Bowersox v. Providian Property, No. Cv 95 0069711 (Apr. 24, 1996)

[EDITOR'S NOTE: This case is unpublished as indicated by the issuing court.]MEMORANDUM OF DECISION RE: MOTION TO STRIKE (#105) By writ, summons and complaint the plaintiff James Bowersox brought the present action against the defendant Providian Property Casualty Insurance Company. In his complaint the plaintiff has alleged that on or about August 19, 1994, he was involved in a motor vehicle accident when he was rear ended by the tortfeasor, Deborah Bates. Since the accident the plaintiff has exhausted the full liability policy limits of the tortfeasor and in the present actions seeks underinsured benefits from his own policy.

The defendant filed an amended answer with multiple special CT Page 3660 defenses. The fourth special defense claims a reduction in any damages awarded by collateral sources.

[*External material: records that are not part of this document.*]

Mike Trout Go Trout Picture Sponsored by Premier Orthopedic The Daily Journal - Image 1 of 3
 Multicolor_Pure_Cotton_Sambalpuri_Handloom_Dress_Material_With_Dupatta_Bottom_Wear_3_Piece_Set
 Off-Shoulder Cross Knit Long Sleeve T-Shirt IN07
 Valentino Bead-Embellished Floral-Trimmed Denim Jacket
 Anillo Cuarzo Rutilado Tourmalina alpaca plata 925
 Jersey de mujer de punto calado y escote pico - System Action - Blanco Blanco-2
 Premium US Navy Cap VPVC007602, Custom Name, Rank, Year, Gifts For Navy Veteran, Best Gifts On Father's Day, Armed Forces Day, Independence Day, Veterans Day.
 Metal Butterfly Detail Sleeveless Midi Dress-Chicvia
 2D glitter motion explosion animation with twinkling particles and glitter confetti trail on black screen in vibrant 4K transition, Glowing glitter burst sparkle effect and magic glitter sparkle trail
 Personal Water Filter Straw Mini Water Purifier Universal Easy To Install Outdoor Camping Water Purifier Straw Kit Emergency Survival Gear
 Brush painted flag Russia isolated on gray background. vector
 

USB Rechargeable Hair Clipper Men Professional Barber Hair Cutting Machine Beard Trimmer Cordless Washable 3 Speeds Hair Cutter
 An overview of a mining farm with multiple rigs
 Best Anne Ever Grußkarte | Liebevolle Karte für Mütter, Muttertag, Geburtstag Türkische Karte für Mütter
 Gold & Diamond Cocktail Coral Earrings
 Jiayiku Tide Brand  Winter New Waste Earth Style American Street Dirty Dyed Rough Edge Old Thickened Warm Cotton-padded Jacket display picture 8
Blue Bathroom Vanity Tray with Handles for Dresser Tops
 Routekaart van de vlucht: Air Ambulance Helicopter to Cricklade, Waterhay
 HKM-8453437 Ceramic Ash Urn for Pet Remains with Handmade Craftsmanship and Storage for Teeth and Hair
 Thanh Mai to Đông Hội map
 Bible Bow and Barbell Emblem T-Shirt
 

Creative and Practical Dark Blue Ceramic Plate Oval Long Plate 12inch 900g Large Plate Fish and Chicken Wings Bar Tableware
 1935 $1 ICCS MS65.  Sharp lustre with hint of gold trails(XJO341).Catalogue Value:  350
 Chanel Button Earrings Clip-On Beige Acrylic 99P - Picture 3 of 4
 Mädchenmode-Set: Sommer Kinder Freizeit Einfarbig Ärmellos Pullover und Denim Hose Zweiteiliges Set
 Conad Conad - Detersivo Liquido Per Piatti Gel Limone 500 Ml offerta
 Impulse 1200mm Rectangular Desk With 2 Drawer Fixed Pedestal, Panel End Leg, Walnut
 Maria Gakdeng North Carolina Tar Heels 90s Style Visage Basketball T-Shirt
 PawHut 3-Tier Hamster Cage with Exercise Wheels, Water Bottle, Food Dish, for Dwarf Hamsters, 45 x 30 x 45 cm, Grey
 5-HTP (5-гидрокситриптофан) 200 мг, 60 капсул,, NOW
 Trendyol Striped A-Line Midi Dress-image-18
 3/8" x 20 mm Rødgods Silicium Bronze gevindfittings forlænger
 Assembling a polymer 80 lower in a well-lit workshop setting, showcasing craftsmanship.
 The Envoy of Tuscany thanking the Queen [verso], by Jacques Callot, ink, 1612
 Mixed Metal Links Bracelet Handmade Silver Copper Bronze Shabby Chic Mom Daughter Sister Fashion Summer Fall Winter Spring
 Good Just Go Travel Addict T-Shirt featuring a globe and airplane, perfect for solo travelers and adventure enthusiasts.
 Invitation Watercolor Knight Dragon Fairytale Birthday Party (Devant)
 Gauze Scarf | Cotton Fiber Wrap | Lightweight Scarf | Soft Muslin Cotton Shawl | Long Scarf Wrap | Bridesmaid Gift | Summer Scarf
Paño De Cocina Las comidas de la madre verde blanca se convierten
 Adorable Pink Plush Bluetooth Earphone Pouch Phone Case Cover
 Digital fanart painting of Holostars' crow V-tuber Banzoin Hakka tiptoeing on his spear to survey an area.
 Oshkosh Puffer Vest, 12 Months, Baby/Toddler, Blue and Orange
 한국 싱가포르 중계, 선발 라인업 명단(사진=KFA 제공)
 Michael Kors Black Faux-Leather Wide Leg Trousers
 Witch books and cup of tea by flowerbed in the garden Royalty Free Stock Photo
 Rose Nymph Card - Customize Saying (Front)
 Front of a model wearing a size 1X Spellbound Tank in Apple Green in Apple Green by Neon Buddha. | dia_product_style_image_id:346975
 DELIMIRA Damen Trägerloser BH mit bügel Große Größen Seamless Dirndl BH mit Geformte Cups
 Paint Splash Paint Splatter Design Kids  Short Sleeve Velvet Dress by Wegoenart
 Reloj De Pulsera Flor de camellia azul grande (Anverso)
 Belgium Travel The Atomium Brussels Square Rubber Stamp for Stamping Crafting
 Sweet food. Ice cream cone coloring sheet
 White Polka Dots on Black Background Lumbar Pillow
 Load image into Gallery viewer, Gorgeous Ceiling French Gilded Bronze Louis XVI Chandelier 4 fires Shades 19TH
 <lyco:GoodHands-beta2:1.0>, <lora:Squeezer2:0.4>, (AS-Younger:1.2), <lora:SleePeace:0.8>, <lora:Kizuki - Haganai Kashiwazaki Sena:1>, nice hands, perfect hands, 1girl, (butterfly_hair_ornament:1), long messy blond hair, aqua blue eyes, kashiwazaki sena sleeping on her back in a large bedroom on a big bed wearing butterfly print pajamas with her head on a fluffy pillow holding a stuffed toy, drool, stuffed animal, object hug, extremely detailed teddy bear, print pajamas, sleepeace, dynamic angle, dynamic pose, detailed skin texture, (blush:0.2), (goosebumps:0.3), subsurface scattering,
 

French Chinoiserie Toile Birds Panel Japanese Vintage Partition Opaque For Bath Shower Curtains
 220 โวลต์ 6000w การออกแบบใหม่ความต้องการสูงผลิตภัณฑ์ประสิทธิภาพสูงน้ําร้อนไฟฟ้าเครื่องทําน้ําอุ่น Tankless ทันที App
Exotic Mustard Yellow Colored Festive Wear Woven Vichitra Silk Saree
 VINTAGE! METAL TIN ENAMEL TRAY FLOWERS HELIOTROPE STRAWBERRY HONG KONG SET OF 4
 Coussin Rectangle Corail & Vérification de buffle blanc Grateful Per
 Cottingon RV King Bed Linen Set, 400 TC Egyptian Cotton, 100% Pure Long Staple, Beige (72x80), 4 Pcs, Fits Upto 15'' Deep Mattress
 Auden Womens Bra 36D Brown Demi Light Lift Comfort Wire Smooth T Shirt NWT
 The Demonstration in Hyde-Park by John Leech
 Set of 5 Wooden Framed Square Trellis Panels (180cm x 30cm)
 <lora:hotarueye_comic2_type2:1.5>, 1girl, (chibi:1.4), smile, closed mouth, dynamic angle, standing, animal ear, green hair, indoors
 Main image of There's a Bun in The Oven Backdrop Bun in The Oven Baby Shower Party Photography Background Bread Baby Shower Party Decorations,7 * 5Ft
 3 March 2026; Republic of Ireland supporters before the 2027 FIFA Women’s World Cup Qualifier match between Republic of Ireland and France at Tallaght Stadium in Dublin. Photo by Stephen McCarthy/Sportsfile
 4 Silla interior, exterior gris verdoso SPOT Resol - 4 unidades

The sixth special defense alleges that the plaintiff's claim is barred by the exclusivity provision of the Workers' Compensation Act.

The plaintiff has moved to strike both the fourth and sixth special defenses.

The function of a motion to strike "is to test the legal sufficiency of a pleading". Ferryman v. Groton, 212 Conn. 138, 142. "A motion to strike is the proper manner in which to raise the issue of legal sufficiency of a special defense to a cause of action." Passini v. Decker, 39 Conn. Super. Ct. 20, 21. "All facts well pleaded and those facts necessarily implied therefrom are taken as admitted." Amodio v. Cunningham, 182 Conn. 80,82-83 (1980). The court must construe the facts alleged in a pleading in the manner most favorable to the pleader. Rowe v.Godou, 209 Conn. 273, 278 (1988).

I The defendant's fourth special defense seeks "a reduction of any payments due to the plaintiff by the amount paid to the plaintiff from collateral sources." Allegations of collateral source payments are not permitted under Practice Book Section 195A.

The defendant relies on the holding in Bennett v. AutomobileInsurance Company, 230 Conn. 795, 802 (1994) for supporting the proposition that collateral source payments be alleged by the defendant. However, Bennett spoke only to the issue of policy limitations. Bennett, does not require that collateral source be pled because collateral source payments, as alleged in the fourth special defense, do not reduce the limits of the policy, but rather limit the amount of damages the plaintiff may recover. Smith v.Safeco Ins. Co. of America, 225 Conn. 566 (1993); Hilbert v.American Financial Corp., 1995 Conn. Super. Ct. 96707, 15 Conn. L. Rptr. 16, August 11, 1995 (Pickett, J.). The defendant's fourth special defense is legally insufficient and therefore is stricken.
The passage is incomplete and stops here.